Cover Reveal: Agnes at the End of the World by Kelly McWilliams

Cults are so interesting and any quick Google search about it launches me into a several-hours-long rabbit hole. I swear I learn of another celebrity and/or public figure who was involved in a cult each time. But I’m not here to convince you to join a cult today (or ever)—I’m here to share with you the cover and the prologue to Agnes at the End of the World, a new novel by Kelly McWilliams.
 

Agnes loves her home of Red Creek—its quiet, sunny mornings, its dusty roads, and its God. There, she cares tirelessly for her young siblings and follows the town’s strict laws. What she doesn’t know is that Red Creek is a cult, controlled by a madman who calls himself a prophet.
 

Then Agnes meets Danny, an Outsider boy, and begins to question what is and isn’t a sin. Her brother will die without the insulin she barters for once a month, which is considered outlawed. Is she a sinner for saving him? Is her sister a sinner for dreaming about the world beyond Red Creek? 

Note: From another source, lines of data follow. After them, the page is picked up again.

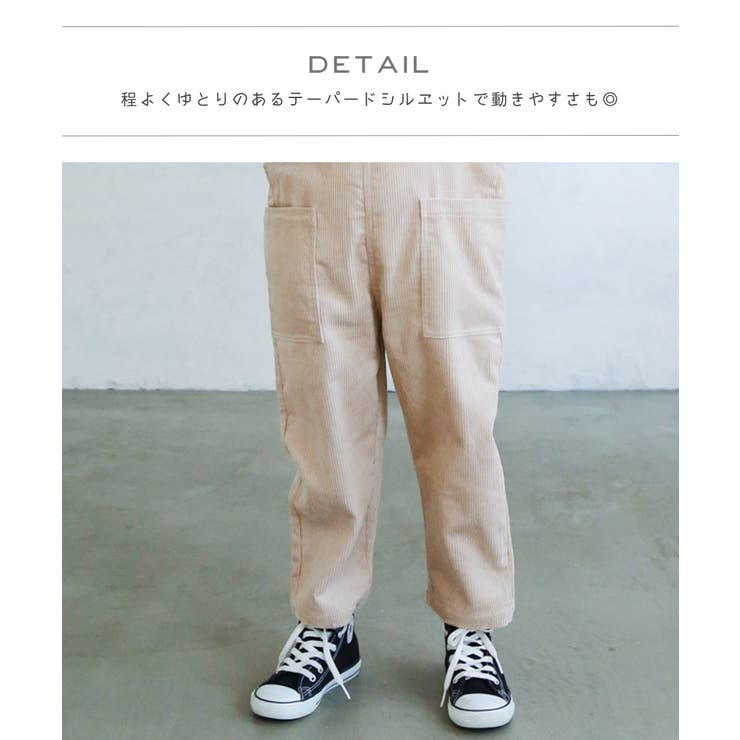 リンクコーデ コーデュロイ サロペット 品番 Pmnk Pairmanon ペアマノン のキッズファッション通販 Shoplist ショップリスト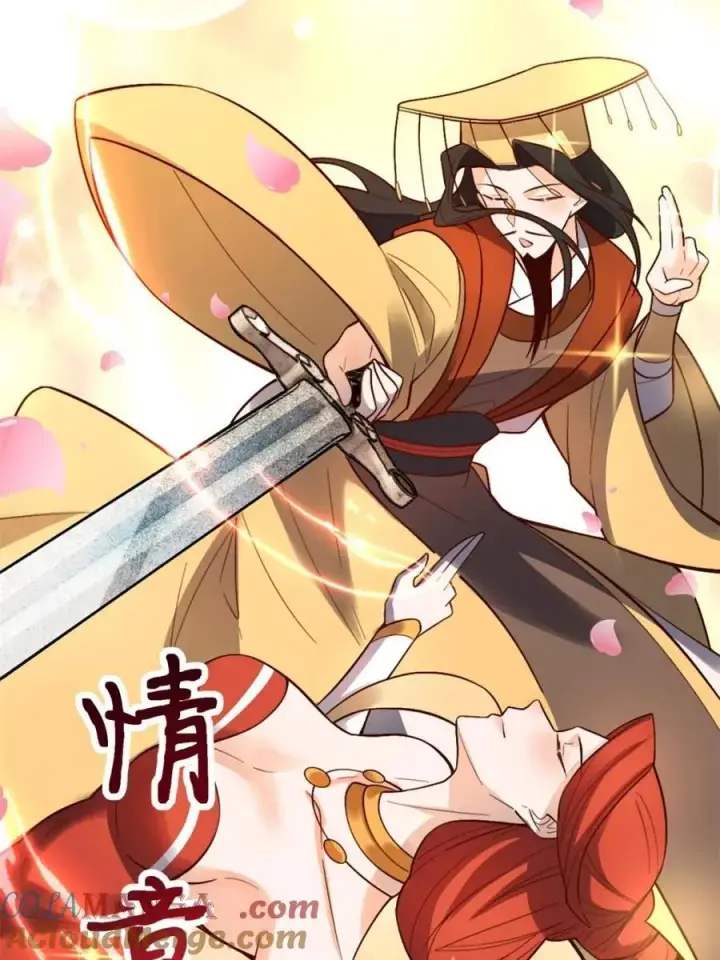 漫画《原来我是修仙大佬》第511话 511话第55张图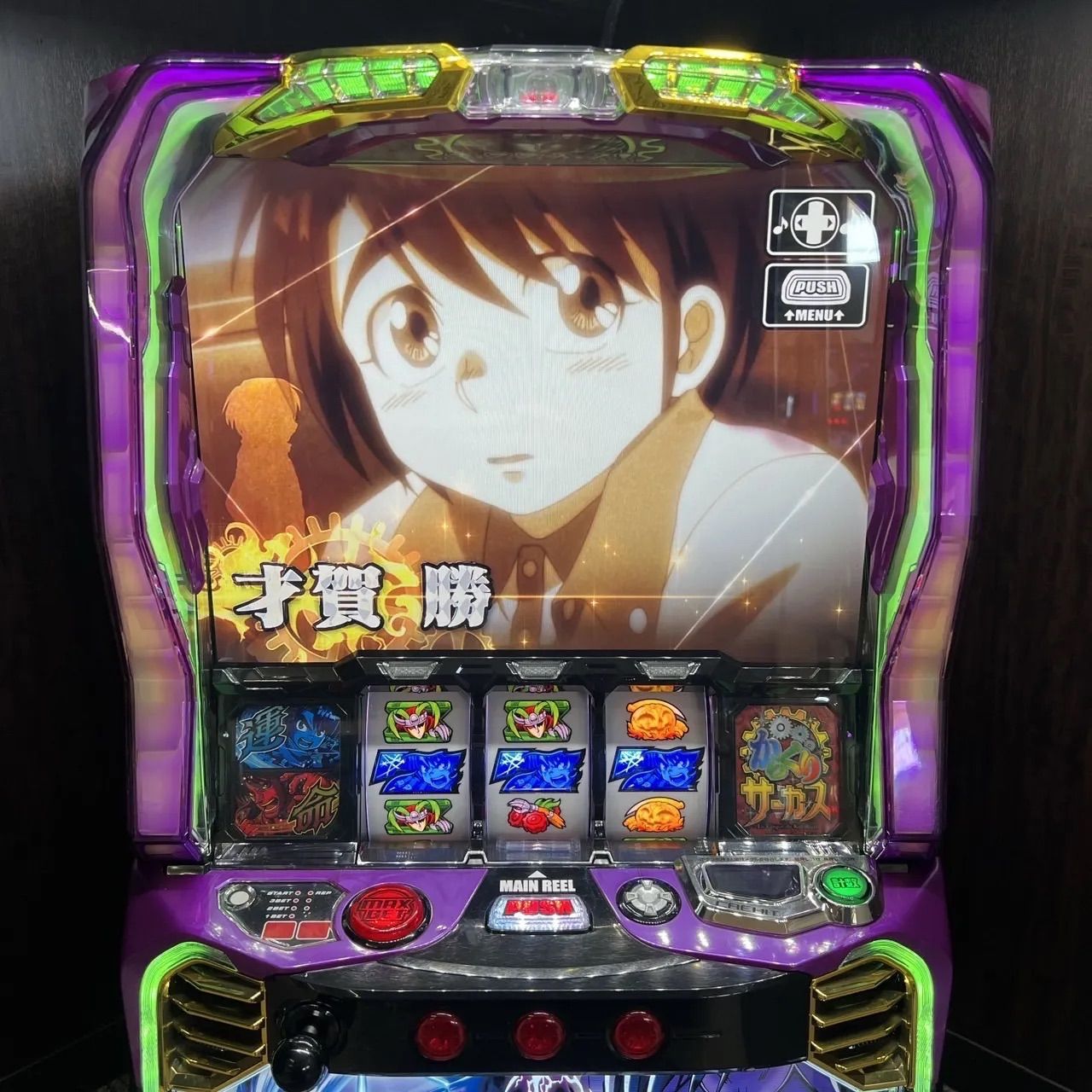 スマスロ「からくりサーカス・フェイスレスパネル」 送料無料 パチスロ スマスロ「からくりサーカス・フェイスレスパネル」 送料無料 パチスロ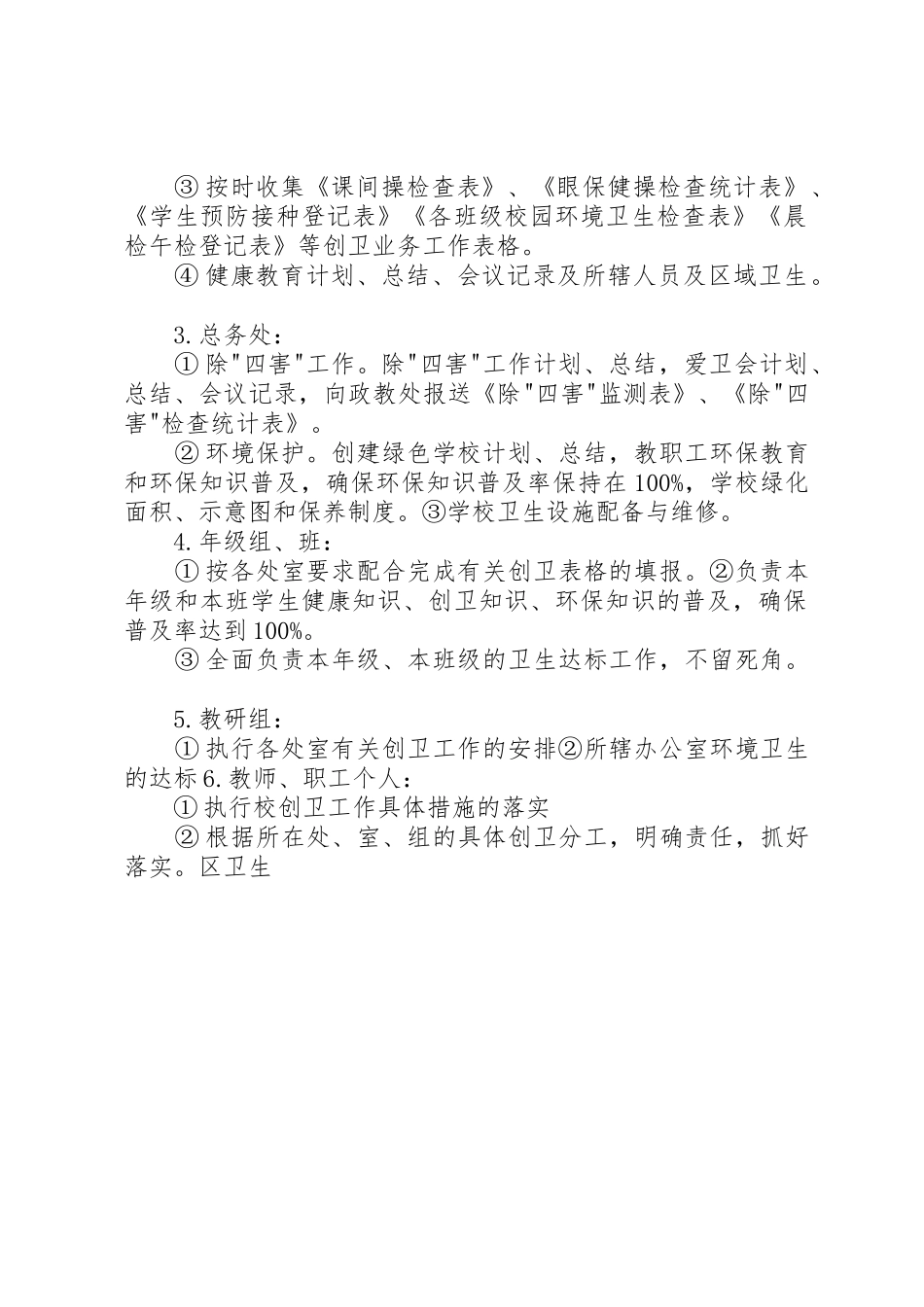 城关小学创卫工作领导组职责要求分解[5篇范例]_第2页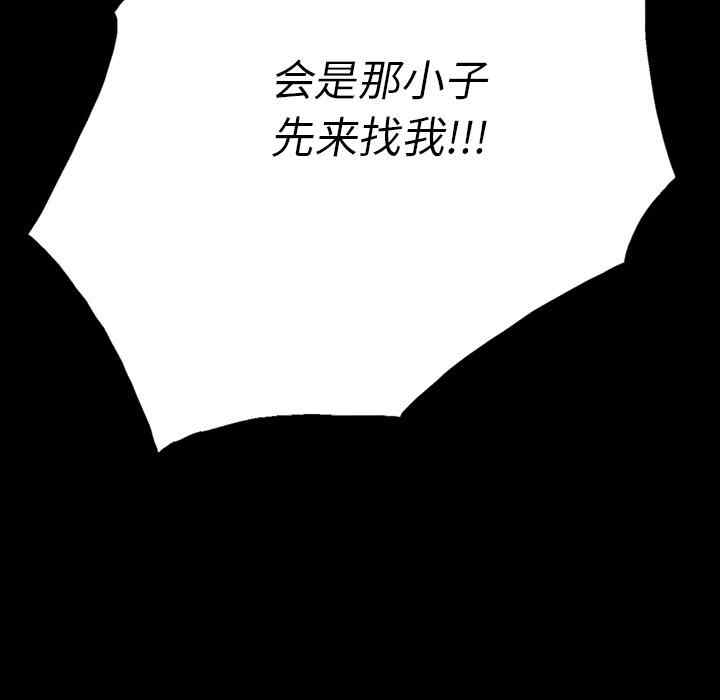 韩国漫画同室操戈/双面交锋韩漫_同室操戈/双面交锋-第2话在线免费阅读-韩国漫画-第55张图片
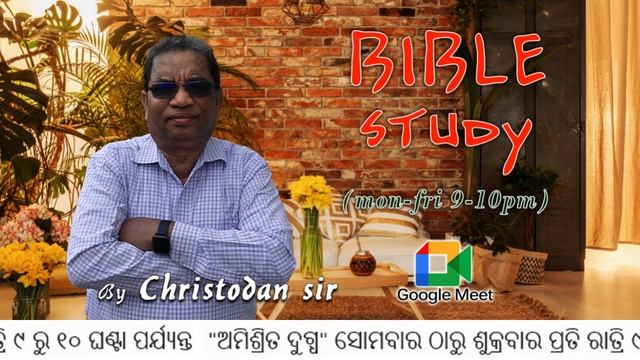 Complete BibleStudy ( ଓଡ଼ିଆ ) lesson 33 Words of wisdom By Takri sir смотреть онлайн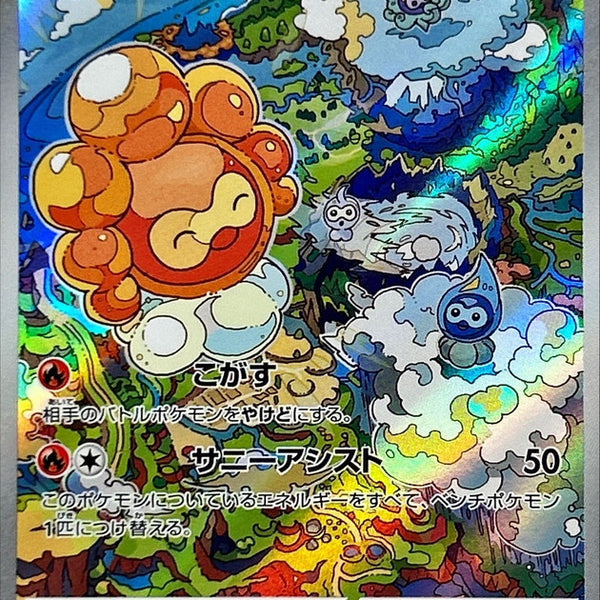 SV7a] Castform Sunny Form 067/064〈AR〉 – Buy Online at Omotenashi TCG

When she decides that escaping with her brother is the last resort, she discovers that a viral pandemic is burning through the Outside population at a terrifying rate. After once living in a world where faith, miracles, and cruelty have long been indistinguishable, Agnes has to choose between saving her family and saving the world.
 

Now, without further ado, I’ll present to you the rollercoaster of emotions that Kelly McWilliams has so brilliantly crafted.
 


 

Prologue

Once, a girl lived in a ­double-wide trailer on ranchland, beneath a wide white sky tumbled with clouds. The Prophet, a scowling crow of a man, presided over everyone and everything.
 

When the girl wasn’t praying or busy with chores, she’d spin in meadows dancing with bees and dandelions, until Father called her name from the porch: “Agnes, back in the house!”
 

Run.
 

In Agnes’s world, secular music was forbidden, as was tele vision, radio, and all technologies of sin. She wore homemade dresses that draped every inch of skin, though they were far too hot. At twelve, boys and girls were forbidden to play together, and the Prophet called the children little sinners with a sneer.
 

Nevertheless, Agnes loved her world. Loved the meadow and the rocky canyon and the hawks that screeched overhead, wing ing impossibly high.
 

One day, the meadow spoke. She was dancing when the hum rose up through the bottoms of her feet and into her small, ­little- girl bones.
 

It was like a song. An old song. She pressed her ear to the ground and listened. Rocks pulsed, stones echoed, and clouds, trees, leaves rustled with melody. The girl smiled, her heart full, because God had opened her ears. He’d scratched the earth with His fingernail and revealed a hidden world.
 

The girl was too young to see the danger in being singled out in a land where the Prophet expected his faithful to march like paper dolls, arm in arm, and all the same.
 

Perfect obedience produces perfect faith.
 

In Sunday school, Mrs. King asked the children if they remembered to pray.
 

“I don’t need to pray,” said Agnes. “Because God is singing, everywhere, all the time.”
 

Children snickered. Their teacher swiftly crossed the room. She grabbed Agnes’s arm, her face purple with anger, and stretched it across the desk. Then she slammed a Bible’s spine across her knuckles, over and over, until the middle knuckle of her left hand cracked like a nut.
 

Pain exploded up her arm. She knew better than to scream. The woman bent and poured poison into her ear. “Insolent child. Only the Prophet hears the voice of God. Lie again and I’ll show you real pain.”
 

That night, hand throbbing and swollen, the girl told herself she didn’t hear the sky singing or the earth humming. That she’d never heard such lovely, evil things.
 

Never. Never.
 

Perfect obedience produces perfect faith.
 

Agnes pretended so hard not to hear that one day, she didn’t.
 

The world went silent, all song snuffed out like a candle flame.
 

When she returned, hesitant and barefoot, to the ­bee-spun meadow, she heard nothing.
 

Nothing at all.
 


 


 

Agnes knows she loves her home of Red Creek—its quiet, sunny mornings, its dusty roads, and its God. There, she cares tirelessly for her younger siblings and follows the town’s strict laws. What she doesn’t know is that Red Creek is a cult, controlled by a madman who calls himself a prophet.
 

Then Agnes meets Danny, an Outsider boy, and begins to question what is and isn’t a sin. Her younger brother, Ezekiel, will die without the insulin she barters for once a month, even though medicine is considered outlawed. Is she a sinner for saving him? Is her sister, Beth, a sinner for dreaming of the world beyond Red Creek?
 

As the Prophet grows more dangerous, Agnes realizes she must escape with Ezekiel and leave everyone else, including Beth, behind. But it isn’t safe Outside, either: A viral pandemic is burning through the population at a terrifying rate. As Agnes ventures forth, a mysterious connection grows between her and the Virus. But in a world where faith, miracles, and cruelty have long been indistinguishable, will Agnes be able to choose between saving her family and saving the world?